子宮鏡検査(内視鏡検査)は、膣から挿入した子宮鏡で、子宮内腔を直接観察することができる検査方法です。 子宮鏡には細いヒステロファイバースコープと比較的太い硬性鏡のヒステロスコープがあります。

ヒステロファイバースコープは、直径が3mm程度と補足、痛みもほとんどないので麻酔をすることなく、 子宮頚管拡張もしないで検査することができ、外来で10分くらいで終わるので出産経験のない人でも安心です。

硬性鏡ヒステロスコープは、直径が約8mmくらいと太いので、主に部分麻酔ですが麻酔が必要になりますが、 画像が鮮明で細かいところまで診ることができ、操作用の穴に器具を通して手術を行うこともできます。

子宮卵管造影検査

子宮卵管造影検査は、子宮口から細い管を子宮内腔に挿入し、造影剤を子宮内に入れて、 レントゲンで内部の大きさや形、癒着の有無を診察する子宮筋腫の検査方法です。

子宮卵管造影検査を行う時期は、生理の出血が止まってから排卵の前までの低温期になります。

子宮卵管造影検査の所要時間は10分程度ですが、多くの場合かなりの痛みがあるので、 痛み止めを使って行われることが多いようです。

子宮筋腫の検査方法で、初めから子宮卵管造影検査が行われることはありませんが、 不妊症で妊娠を望む人に子宮筋腫が見つかった場合など、不妊治療との兼ね合いで子宮卵管造影検査が行われることがあります。

子宮内膜組織検査

子宮筋腫があって、さらに生理以外の不正出血があったり、 子宮内膜の細胞検査で異常のある細胞が発見された場合は、子宮内膜組織検査が行われます。

子宮内膜組織検査は、子宮内膜の組織をとって顕微鏡で調べる方法で、 採取した組織が子宮内膜にできるがんや肉腫など、悪性腫瘍かどうかを調べます。

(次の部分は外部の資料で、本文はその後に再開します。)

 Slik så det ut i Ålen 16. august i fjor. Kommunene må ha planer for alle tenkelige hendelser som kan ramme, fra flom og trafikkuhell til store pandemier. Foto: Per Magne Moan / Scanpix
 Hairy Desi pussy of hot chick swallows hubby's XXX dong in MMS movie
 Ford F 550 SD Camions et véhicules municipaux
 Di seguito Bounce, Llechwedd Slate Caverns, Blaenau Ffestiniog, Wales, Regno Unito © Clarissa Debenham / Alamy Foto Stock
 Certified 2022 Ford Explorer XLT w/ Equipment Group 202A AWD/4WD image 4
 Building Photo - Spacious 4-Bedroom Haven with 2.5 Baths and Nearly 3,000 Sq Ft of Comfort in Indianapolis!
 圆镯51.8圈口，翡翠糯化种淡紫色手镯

子宮内膜組織検査では、組織をとるときにチクリとした痛みがあります。

血液検査

子宮筋腫の症状の中で、最も問題なのは貧血です。

貧血になると全身の血液の供給量をアップするため心臓の働きが高まりますが、 その状態が長く続くと心臓に過度の負担がかかり、心肥大になり心臓の力が弱まってしまいます。 このため、子宮筋腫がある場合や子宮筋腫の疑いがある場合、必ず血液検査が行われます。

血液検査では、貧血の程度を調べるため採決をして、血液中の赤血球数、白血球数、 そして、血液中で酸素の運搬を担う血色素であるヘモグロビン値などで貧血の有無を調べます。

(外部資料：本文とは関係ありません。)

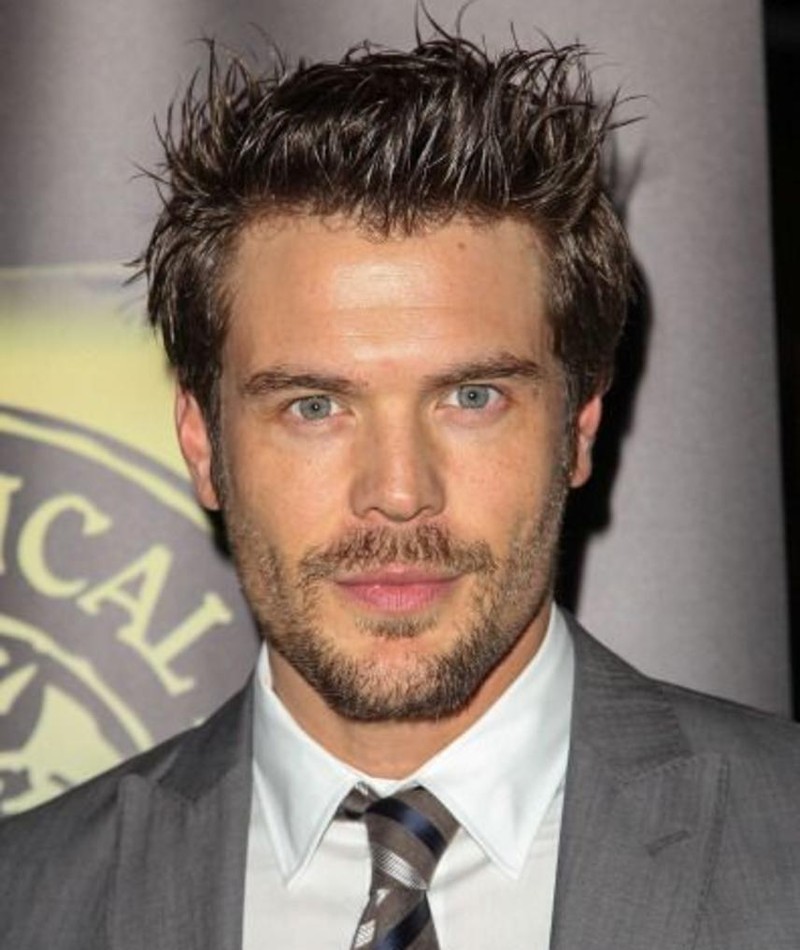 Photo of Charlie Weber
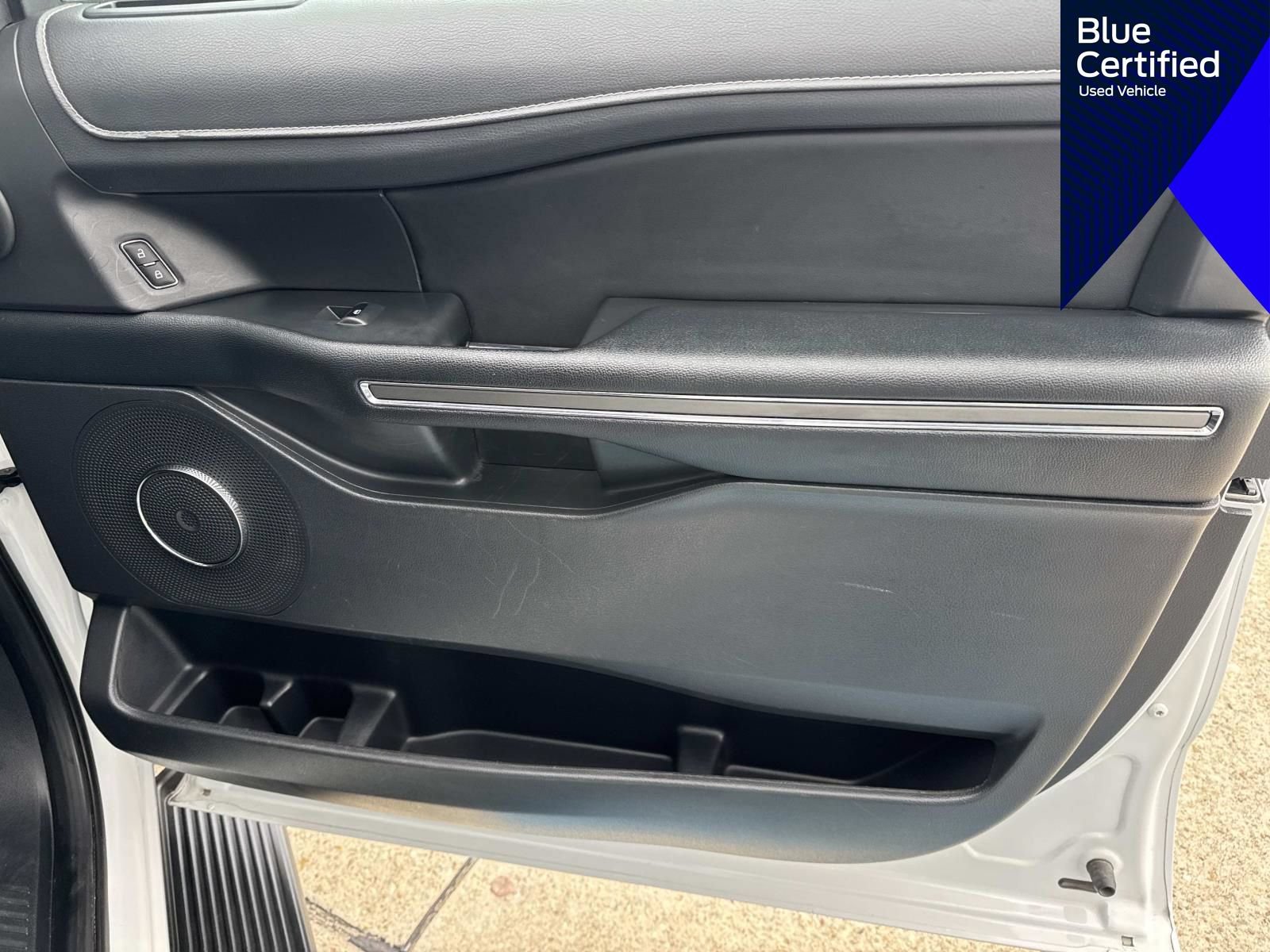 Certified 2024 Ford Expedition XLT RWD image 19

貧血の多くは鉄欠乏性貧血ですが、子宮筋腫などで生理のときの出血量が多いなど、 それが毎月の生理による出血によるものか、消化器官からの出血によるものかがあります。

また、血液検査でのLDH値は子宮肉腫など、悪性の腫瘍かどうかを調べる判断目安になることもあります。